I still remember my first Thanksgiving at the American School of Classical Studies at Athens (the ASCSA or the School hereafter) in 1989. We had just returned from a ten-day trip through the Corinthia with Mr. Williams [Charles K. Williams, the Director of the Corinth Excavations], which also marked the end of the School’s fall program. We only had a few hours to rest and get ready for the big event: cocktails at 8 followed by dinner at 8.30. I had never seen Loring Hall so crowded and festive. Director William (Willy) Coulson and his wife Mary Lee were the hosts. Eight large tables filled the dining room; more were in the salonaki for families with young children. In later years as the numbers of guests increased, the party would take over the saloni for dinner and dancing afterwards.  
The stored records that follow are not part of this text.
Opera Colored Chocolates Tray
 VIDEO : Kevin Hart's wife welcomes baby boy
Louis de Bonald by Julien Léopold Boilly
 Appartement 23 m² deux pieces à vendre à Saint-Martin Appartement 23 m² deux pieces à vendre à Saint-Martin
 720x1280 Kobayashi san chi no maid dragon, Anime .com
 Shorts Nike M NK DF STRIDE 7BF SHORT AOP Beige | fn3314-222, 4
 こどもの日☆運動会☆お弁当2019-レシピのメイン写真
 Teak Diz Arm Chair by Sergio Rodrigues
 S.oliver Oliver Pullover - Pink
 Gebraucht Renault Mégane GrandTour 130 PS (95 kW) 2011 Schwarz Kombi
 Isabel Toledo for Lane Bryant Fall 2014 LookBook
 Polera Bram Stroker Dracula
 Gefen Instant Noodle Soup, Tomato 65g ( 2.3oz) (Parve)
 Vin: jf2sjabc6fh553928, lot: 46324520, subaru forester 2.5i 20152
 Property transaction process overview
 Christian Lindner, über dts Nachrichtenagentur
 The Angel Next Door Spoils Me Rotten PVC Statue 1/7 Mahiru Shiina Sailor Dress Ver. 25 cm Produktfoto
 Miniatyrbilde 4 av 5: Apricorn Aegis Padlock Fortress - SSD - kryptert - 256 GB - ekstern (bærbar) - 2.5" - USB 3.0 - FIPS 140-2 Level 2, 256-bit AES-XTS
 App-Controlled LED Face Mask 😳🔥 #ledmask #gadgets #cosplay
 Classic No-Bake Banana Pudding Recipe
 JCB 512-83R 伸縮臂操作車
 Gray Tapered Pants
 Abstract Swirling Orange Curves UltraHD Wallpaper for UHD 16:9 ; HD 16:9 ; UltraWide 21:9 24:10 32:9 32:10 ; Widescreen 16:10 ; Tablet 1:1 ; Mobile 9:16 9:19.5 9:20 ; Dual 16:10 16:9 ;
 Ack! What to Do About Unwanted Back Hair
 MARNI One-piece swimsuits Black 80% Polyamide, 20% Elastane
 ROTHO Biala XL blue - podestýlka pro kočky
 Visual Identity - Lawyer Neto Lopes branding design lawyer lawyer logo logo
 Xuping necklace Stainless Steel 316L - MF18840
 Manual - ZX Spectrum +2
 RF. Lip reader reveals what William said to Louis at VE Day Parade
Thanksgiving 1989. From left to right: Ted Coulson, Willy and Mary Lee Coulson, Kevin Glowacki, and Nancy Klein. ASCSA Archives, Events Photographic Collection

I attended many of the School’s Thanksgivings, and these events were the source of many fond memories. When our son was born in 1999, we skipped the party but took him (then barely 6 months old) earlier in the day to see the roasted turkeys in Sakis’s kitchen. We eventually stopped going because of conflicts with our son’s schedule and our desire to start our own family tradition for the holiday.